You don’t always need a long time to tell a great story. Welcome to MsMojo, and today we’ll be counting down our picks for the Top 10 Pixar Shorts.

For this list, we’re looking at our favorite short animated films made by Pixar.

#10: “The Blue Umbrella” (2013)

This film played alongside 2013’s “Monsters University” and is a prime example of Pixar’s technical skills at their best. The studio has become known for breathing life into otherwise inanimate objects, and they do a lovely job of it in “The Blue Umbrella.” Any piece that can make you feel visceral emotions for an umbrella is an impressive one in our books, and this film does it with a loveliness that induces wonder in both the young and old. It’s a simple but effective love story, and its charms just don’t get old.

#9: “Bao” (2018)

While “Bao” is visually stunning and brimming with the storytelling magic Pixar is known for, it was uncharted territory for the studio, as it marked the first time a woman directed a Pixar short. Director Domee Shi carefully crafted a film that’s equal parts realism and fantasy, and inspired by her own experience of being born to Chinese immigrants. In “Bao,” a woman experiencing empty nest syndrome is surprised to find a steamed dumpling has come to life, and what ensues is a thoughtful depiction of the reluctance that comes with seeing a child - human or food - grow up. Met with universal acclaim, “Bao” marks a shift in the recipe for greatness Pixar has had up until this point, embracing diverse stories and voices.

#8: “La Luna” (2011)

Showing before “Brave,” “La Luna” tells the story of a young boy and his elders, squeezing many metaphors into just a few short minutes. It’s about family, individuality, creativity and the importance of marching to your own drumbeat. The story was inspired by Antoine de Saint-Exupéry and anyone who has read “The Little Prince” will feel the similarities. It was nominated as Best Animated Short Film at the Academy Awards, and though it didn’t take home the big prize, it still won over many viewers.

#7: “Lifted” (2006)

Beam us up! We all know the alien abduction story, but usually we hear it from the side of the humans. In “Lifted,” which was shown in front of 2007’s “Ratatouille,” the story is flipped and the protagonist is the alien who is learning how to abduct humans for the first time. This is one of the funniest of Pixar’s shorts, and while it may not have the emotional depth of some of the others on this list, it’s memorable for its humor and of course excellent animation.

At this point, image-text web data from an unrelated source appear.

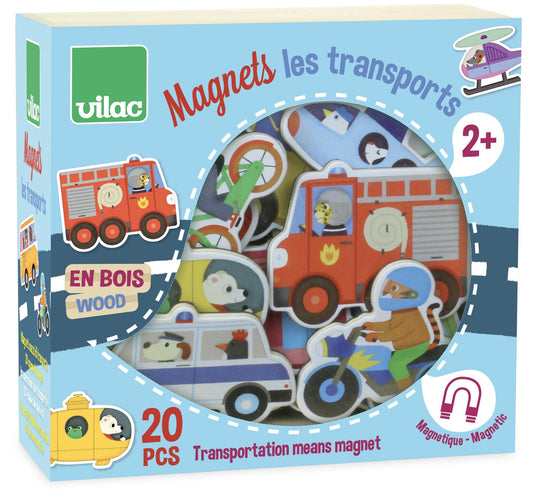 Magnets des transports en bois - à partir de 2 ans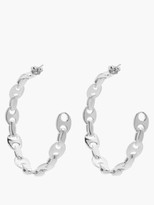 Thumbnail for your product : Paco Rabanne Eight Nano Hoop Earrings - Silver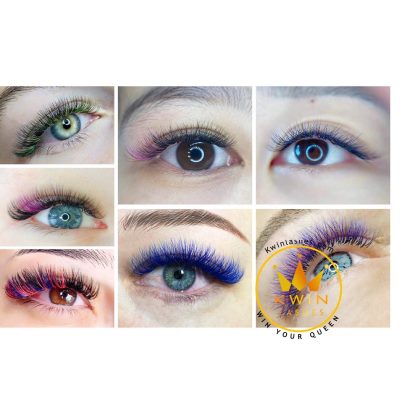 Neon lash : the trend of eyelash extension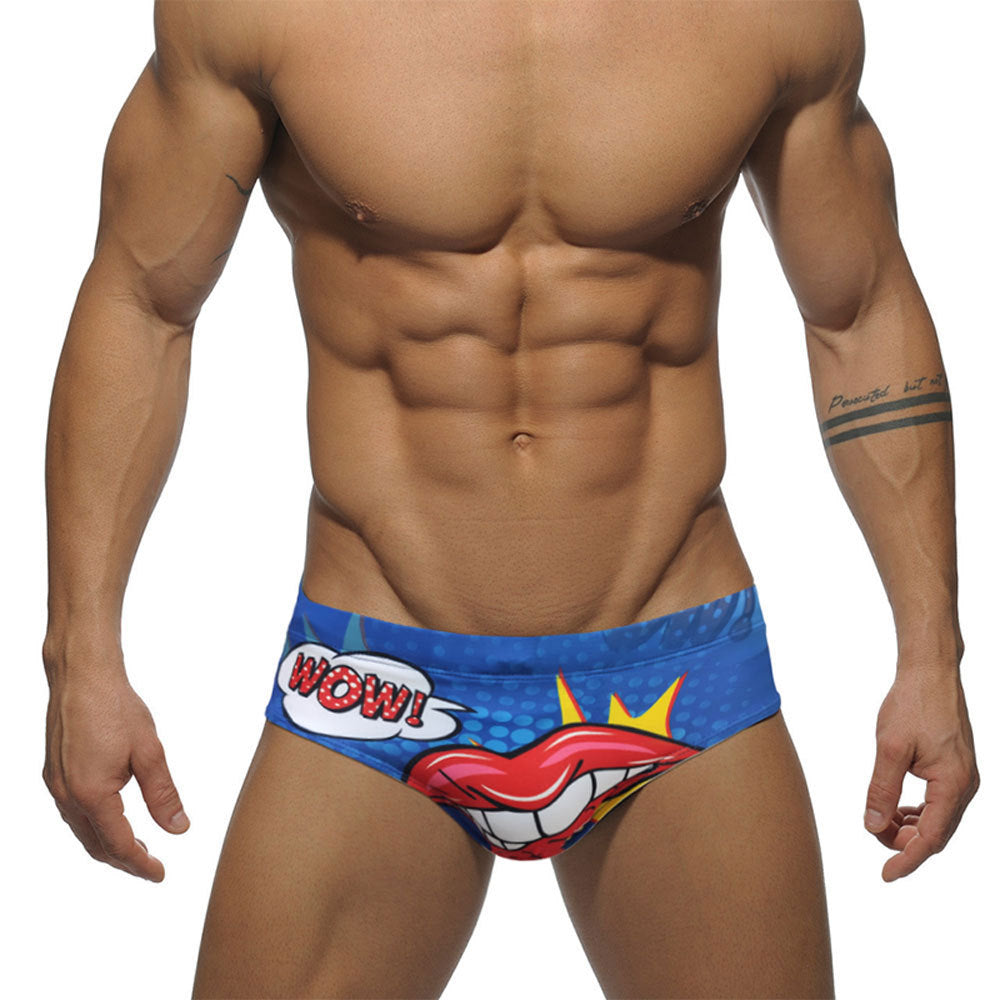 Men's Triangle Bikini Bottoms With Cups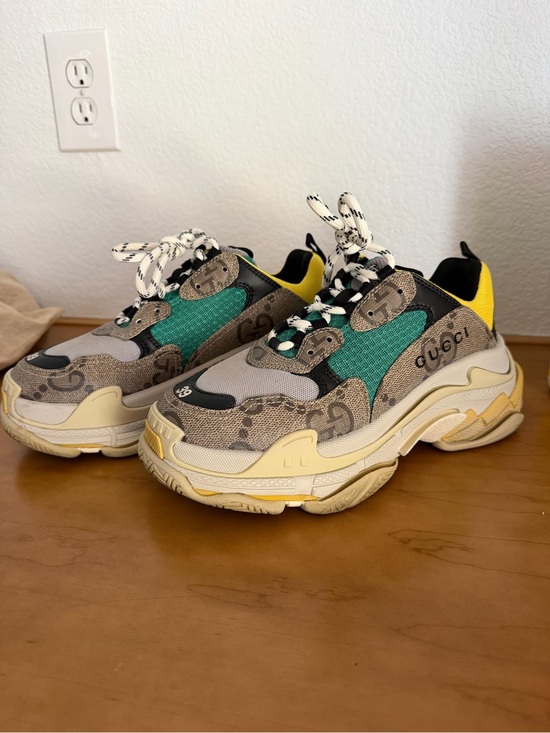 Gucci Shoes - Gucci X Balenciaga Hacker project Triple S shoes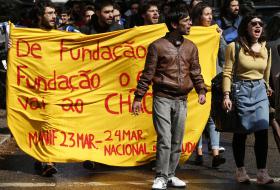 ESTUDANTES DO ENSINO SUPERIOR MANIFESTAM-SE EM LISBOA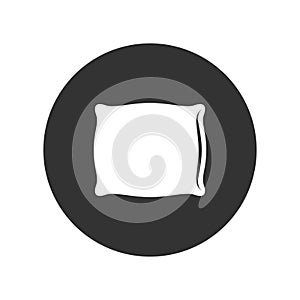 Pillow graphic icon in the circle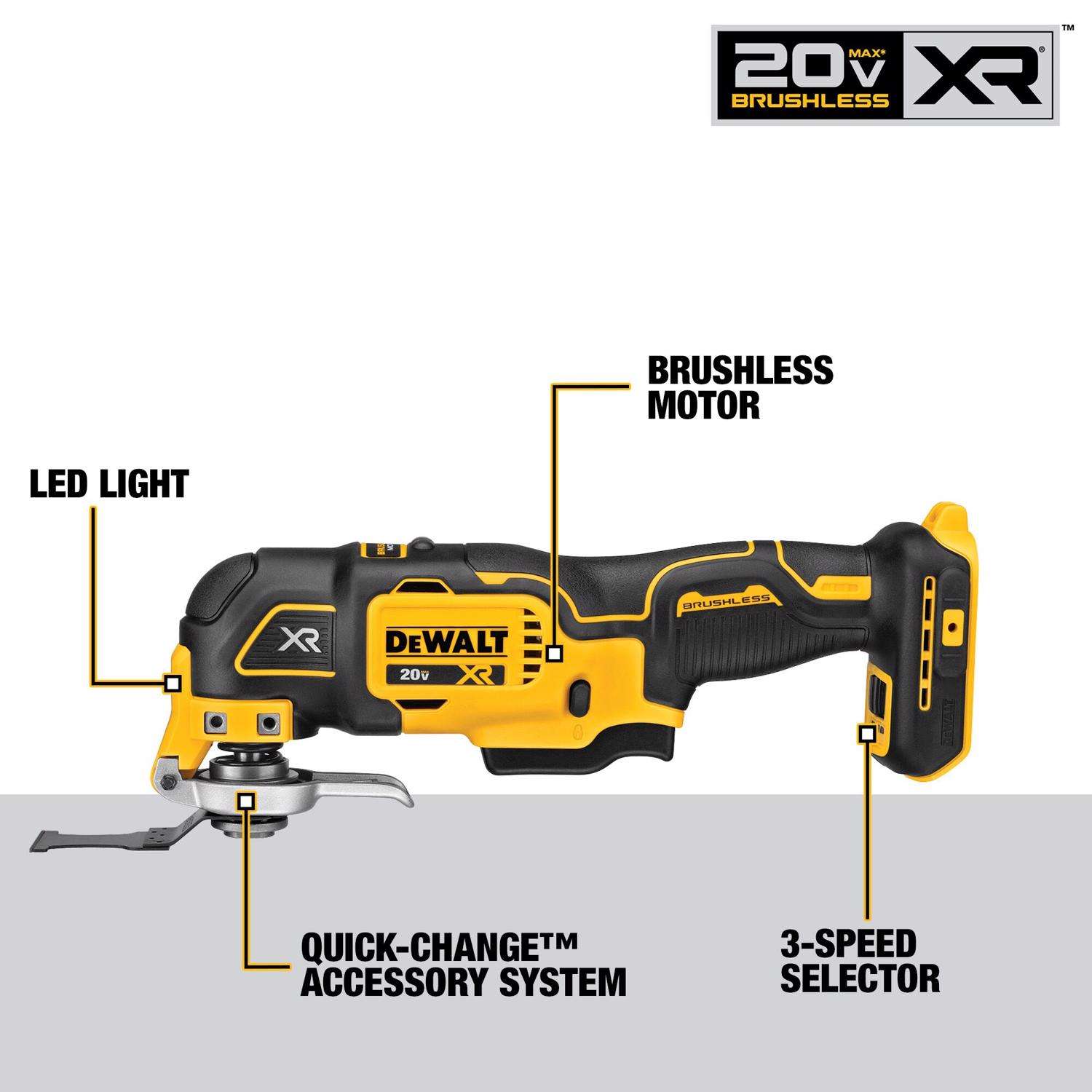 DeWalt DCK300P1 20V MAX* XR Brushless 3-Tool Woodworking Kit
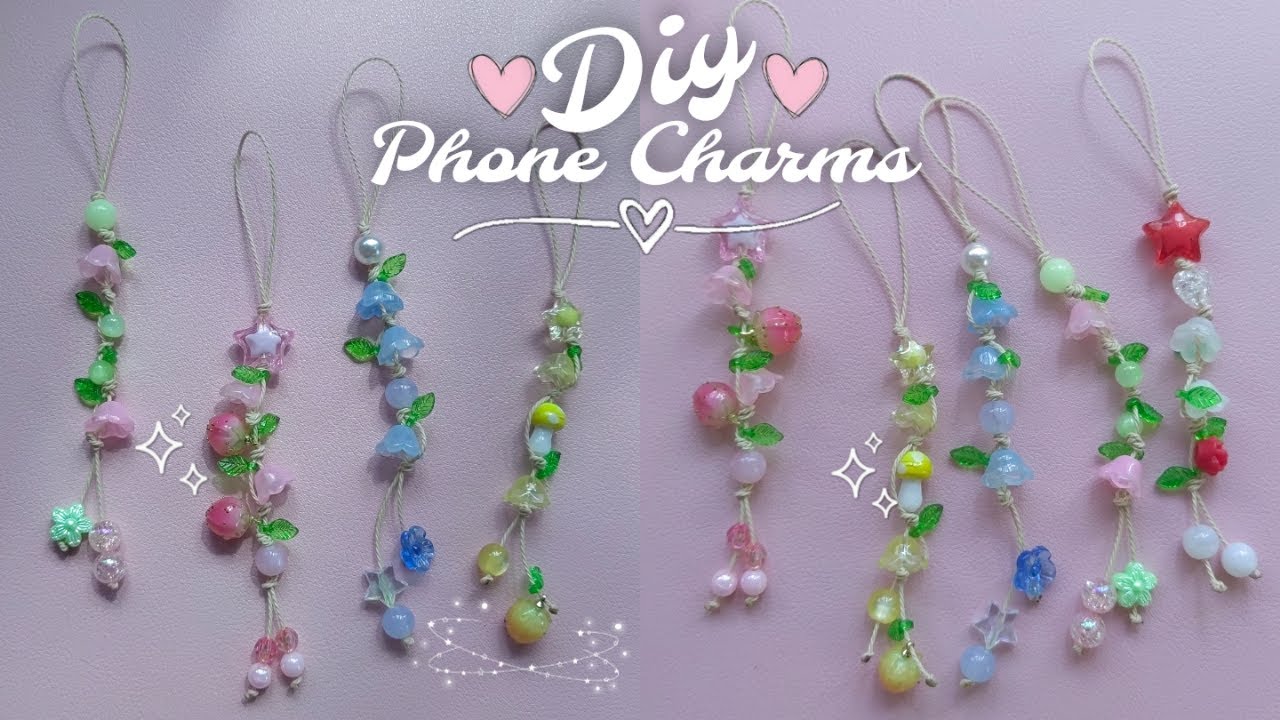 DIY Cute Phone Charms: Forest Inspired🌿| Phone Charms Ideas for beginners ✨Easy steps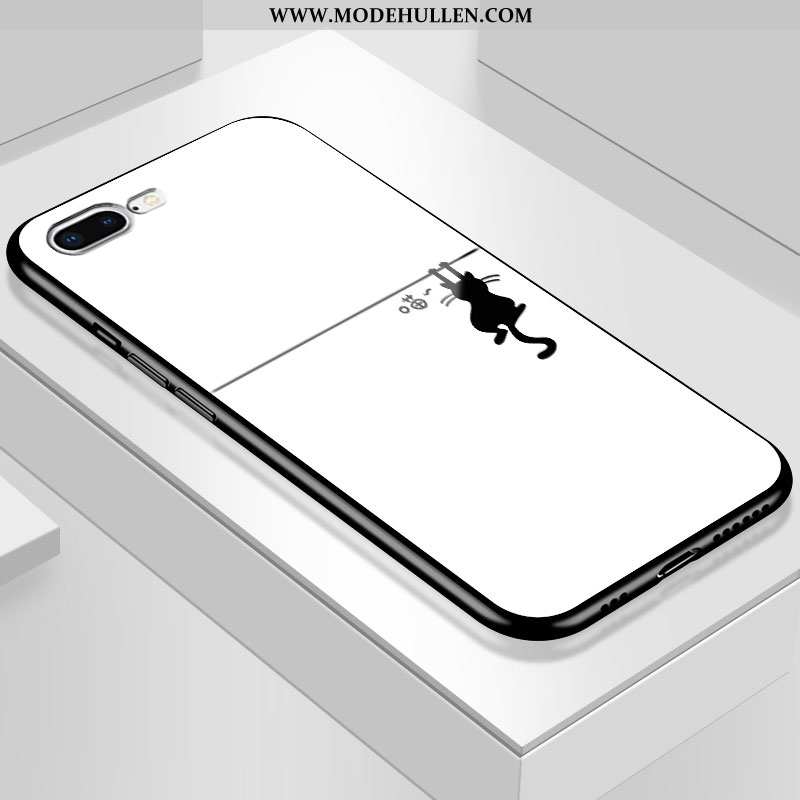 Hülle iPhone 7 Plus Persönlichkeit Schutz Liebhaber Glas Einfach Temperieren Schwarz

#6: “For the Birds” (2000)

This short is nearly 20 years old, but anyone who has seen it once probably remembers it. “For the Birds” was seen by many when it was paired with Pixar’s monster hit, “Monsters, Inc.,” and the simple story is one of the earlier examples of a truly excellent work from the studio. This is one example of Pixar letting their technical skills shine with a story that is universal and needs no language to be told. It won Best Animated Short Film at the 74th Academy Awards in 2002 and picked up a number of other awards along the way.

#5: “Presto” (2008)

“Presto” stands out on our list for having a distinctly different vibe than many of the other entries, and for involving humans where the majority focus on non-sentient beings. It is more akin to cartoon classics, filled with humor and physical gags. Telling the story of a magician and his mischievous rabbit, the film was nominated for an Oscar, but didn’t pull the prize out of its hat. In terms of humor, though, it has to be one of the funniest shorts Pixar has ever created.

#4: “Piper” (2016)

When movie audiences were waiting for “Finding Dory” to start, they were treated with this visual masterpiece from Pixar. On display were computer animation skills like no one had seen before, with the animators somehow creating nearly photorealistic renditions of their subjects. The animators reportedly studied real life birds in the San Francisco Bay Area and their research obviously paid off. The story of the sandpipers is secondary here because the visuals are just so engaging. It won the Academy Award and it would have been blasphemous had anything else taken home the honor.

#3: “Geri's Game” (1997)

If you grew up in the ‘90s, this might very well be the first animated short you ever remember seeing. It blew away audiences with its at-the-time novel animation style and of course its surprise twist part way through. The story is about an elderly man playing chess in a park, who, despite his lack of partner, becomes more and more passionate and animated as the game goes on. “Geri’s Game” won pretty much every award it was nominated for, including the coveted Academy Award.

#2: “Day & Night” (2010)

If there’s one entry on our list that really stands out as being markedly different from the rest, it has to be this one. “Day & Night,” released in 2010 and paired with “Toy Story 3,” strips away much of Pixar’s technical prowess in favor of telling a simple if evocative story. The main characters are, you guessed it, Day and Night. While the plot may seem childish, in the end older viewers realize that the creators were doing much more than just telling a simple tale with this short. In today’s political climate, the message here feels like a salient one more than ever before.

Before we unveil our top pick, here are a few honorable mentions.

“Tin Toy” (1988)

“Lou” (2017)

“Partly Cloudy” (2009)

#1: “Luxo Jr.” (1986)

Before Pixar was even Pixar, John Lasseter created short films like “The Adventures of André & Wally B.” with the animation studio. What really changed things for both the creator and the company, however, was “Luxo Jr.,” which was released in 1986 and gave us what would come to be known as Pixar’s mascot, the little lamp that stole everyone’s hearts. At the time, the film was technologically revolutionary, and while Lasseter went on to work on other shorts like “Knick Knack,” this one will always be his most memorable and most iconic.